**Task input:**
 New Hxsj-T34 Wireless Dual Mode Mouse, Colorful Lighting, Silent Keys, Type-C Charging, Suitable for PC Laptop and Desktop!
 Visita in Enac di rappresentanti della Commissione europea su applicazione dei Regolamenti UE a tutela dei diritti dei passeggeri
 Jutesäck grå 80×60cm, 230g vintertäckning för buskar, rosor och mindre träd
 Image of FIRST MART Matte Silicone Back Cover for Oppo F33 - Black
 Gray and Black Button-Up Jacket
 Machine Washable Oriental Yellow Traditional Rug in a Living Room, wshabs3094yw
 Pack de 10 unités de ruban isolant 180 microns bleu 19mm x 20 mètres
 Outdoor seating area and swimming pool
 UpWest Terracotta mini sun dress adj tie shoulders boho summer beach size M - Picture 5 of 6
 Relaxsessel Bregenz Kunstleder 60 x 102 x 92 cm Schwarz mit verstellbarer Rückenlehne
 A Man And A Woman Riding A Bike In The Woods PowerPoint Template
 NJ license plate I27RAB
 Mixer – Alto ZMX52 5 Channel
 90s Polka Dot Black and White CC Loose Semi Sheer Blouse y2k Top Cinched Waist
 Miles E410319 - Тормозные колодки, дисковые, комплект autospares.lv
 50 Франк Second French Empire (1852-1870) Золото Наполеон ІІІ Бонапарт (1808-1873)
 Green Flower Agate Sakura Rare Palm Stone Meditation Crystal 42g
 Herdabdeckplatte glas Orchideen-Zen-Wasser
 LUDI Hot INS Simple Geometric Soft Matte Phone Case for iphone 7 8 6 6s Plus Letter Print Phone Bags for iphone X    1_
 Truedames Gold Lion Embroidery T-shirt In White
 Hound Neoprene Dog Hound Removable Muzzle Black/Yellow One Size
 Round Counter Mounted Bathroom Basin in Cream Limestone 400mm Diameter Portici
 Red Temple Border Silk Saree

**Your goal:** Through the line that contains "UpWest Terracotta mini", copy the material above exactly, beginning at its first line and including nothing more.

**Written answer:**
 New Hxsj-T34 Wireless Dual Mode Mouse, Colorful Lighting, Silent Keys, Type-C Charging, Suitable for PC Laptop and Desktop!
 Visita in Enac di rappresentanti della Commissione europea su applicazione dei Regolamenti UE a tutela dei diritti dei passeggeri
 Jutesäck grå 80×60cm, 230g vintertäckning för buskar, rosor och mindre träd
 Image of FIRST MART Matte Silicone Back Cover for Oppo F33 - Black
 Gray and Black Button-Up Jacket
 Machine Washable Oriental Yellow Traditional Rug in a Living Room, wshabs3094yw
 Pack de 10 unités de ruban isolant 180 microns bleu 19mm x 20 mètres
 Outdoor seating area and swimming pool
 UpWest Terracotta mini sun dress adj tie shoulders boho summer beach size M - Picture 5 of 6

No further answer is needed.